April 16 2014 Latest news:
Friday, September 7, 2012
A group of people who give their time to make their community a better place have been honoured by Paralympian Baroness Tanni Grey-Thompson and London Mayor Boris Johnson.
The group of Community Champions were selected by the Newham Recorder and its sister papers in the Olympic host boroughs, alongside the Mayor’s Office and the London Legacy Development Corporation (LLDC), the body which will be in charge of the Olympic Park after the Games.
The Community Champions met the Mayor of London and Baroness Grey-Thompson at a reception at the Olympic Park, and also got to go to the opening ceremony of the Paralympic Games.
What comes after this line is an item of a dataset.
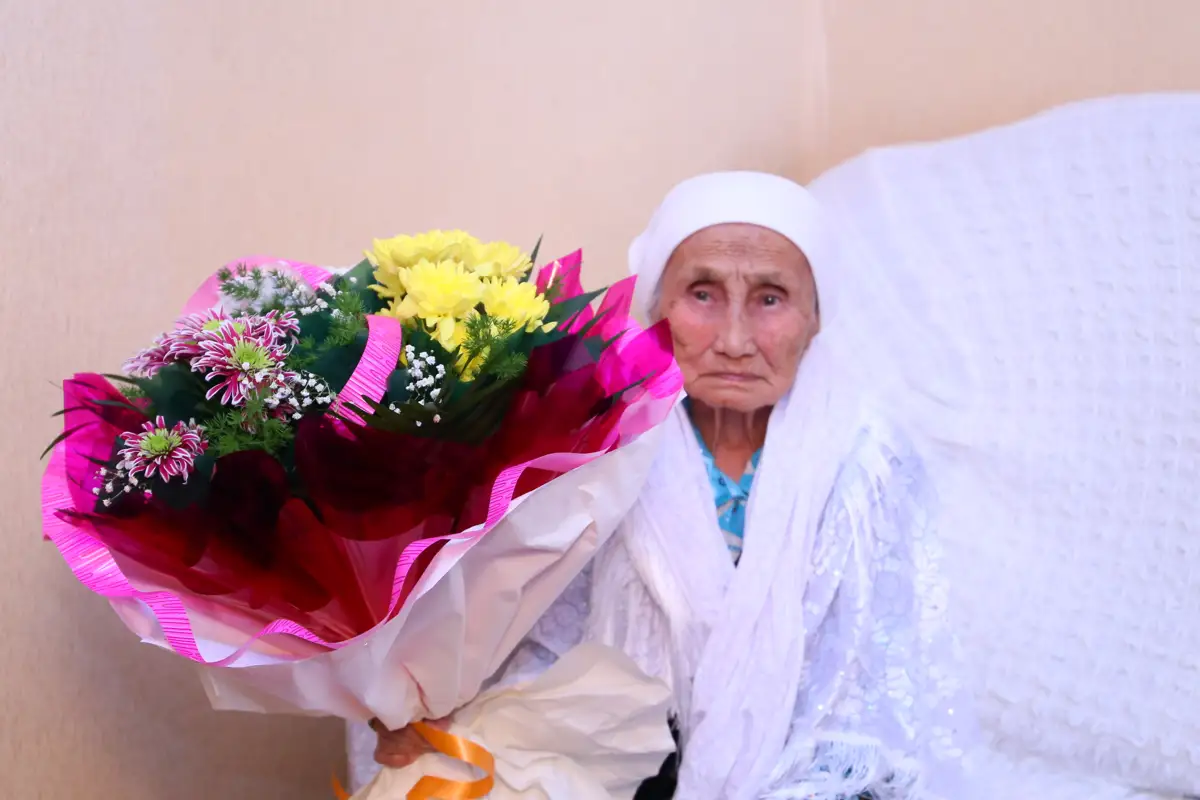 105 жастағы ақтөбелік қария Елбасыға алғыс айтып, өлең шумақтарын жатқа оқыды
Mr Johnson said: “I think the story about the London Games has been not just the athletes, but about the people who made the Games, the community champions - the whole of London has made the Games.”
Baroness Grey-Thompson spoke about the importance of volunteers in her own career. She said: “Thank you so much to the Community Champions. My whole career I was coached by volunteers and those are the people who make the difference in sport, and you will make the difference in what we are trying to do in the future.”
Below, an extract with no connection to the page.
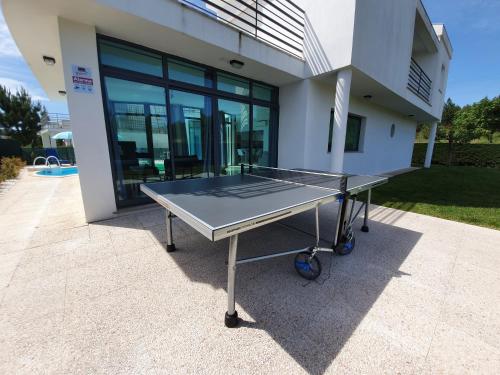 Kemudahan pingpong di Quinta do Anjo Palmela Setubal Villa with a Private Pool atau berdekatan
She also praised the park, and said: “We have been talking about legacy for year but already this is the most amazing park.
“For me as a disabled person the accessibility is second to none.
“This will be here as an amazing mark of what we can do in Britain.
LLDC chairman Daniel Moylan said: “During the Games we have seen so many people volunteering, and we forget how many people are doing that every day.
“This is a wonderful area of London where people do work together. It is the spirit of the Games and the spirit of this part of London.”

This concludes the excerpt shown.